However, there is a limit that is reached where bigger projects are no
longer better, and there is an optimal effort/schedule ratio, as we learn
in the following section.

Figure 1: Using Trended Data Relative
to Project Size
Analyze to Discover
Facts
Data analysis
can be very enlightening and exciting as we discover new information. We
can discover the answers to such questions as, How can we get more "bang
for the buck" from our software projects? How do we increase business
value? How do we staff our projects relative to schedule, in order to
optimize the business value? With regard to the first two questions, one
of the ways to do this is to increase productivity.
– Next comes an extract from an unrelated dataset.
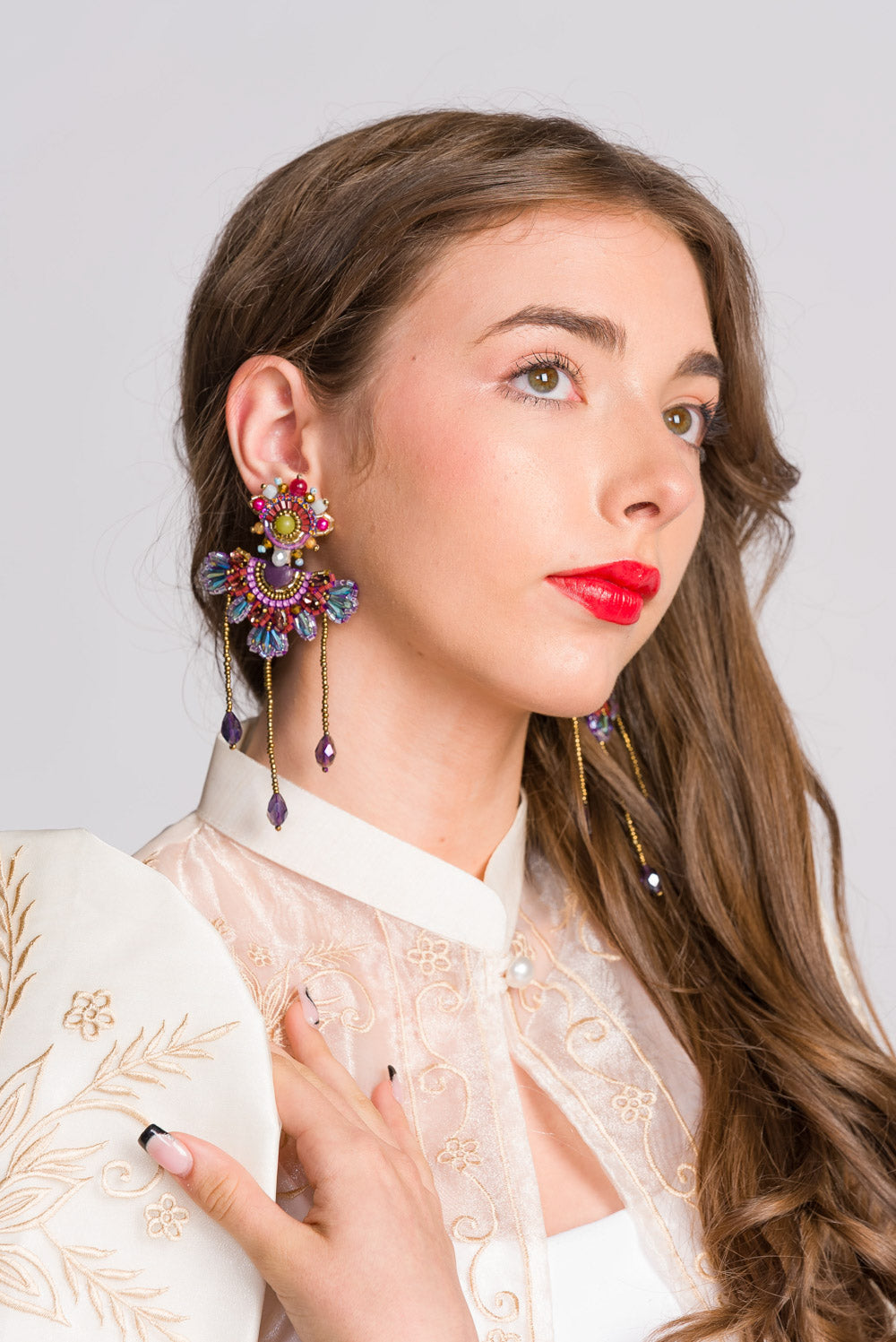 'Sidlak' Worn Two Ways Handmade Earrings by Boho Manila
Therefore, we may
want to discover the effect that project size has on productivity. This
can be analyzed and illustrated as shown in Figure 2.
The trend
shown in Figure 2 illustrates the "Bell Shaped Curve" that I discovered in
relation to project size versus productivity. The data is on a log-log
scale, which causes the trend lines to appear linear. However, you will
notice that the data points form a curve represented by the dashed line
that was added to Figure 2 to reflect this tendency. As the size
increases, the productivity increases; however, it reaches a size where
productivity starts declining. Specifically, prior to the 30K ESLOC mark,
the data points consistently trended upward, then they leveled off. After
the 150K ESLOC mark the data points displayed an overall downward
tendency. With this analysis, I discovered that the projects sized
between 30K and 150K ESLOC provided the best "bang for the buck" and
business value. This size range also has the highest convergence of data
points within +/-1 SD.
Another fact
that we may want to discover is the optimal relationship between effort
and schedule associated with the projects in the optimum size range.
Using the Putnam Manpower Buildup Index (MBI) scale, where MBI = Total
Effort/(Development Time)3 [5, 6], Figure 3 illustrates how we
can analyze the appropriate ratio of effort to schedule. The MBI is a
measure of schedule compression where projects with lower MBI's are less
compressed than projects with higher MBI's, and less compression equates
to a lower cost and higher quality. In this case, using internal project
data, the optimum MBI is in the 4 to 6 range. The MBI also seems to
converge more for the projects in the optimum size range.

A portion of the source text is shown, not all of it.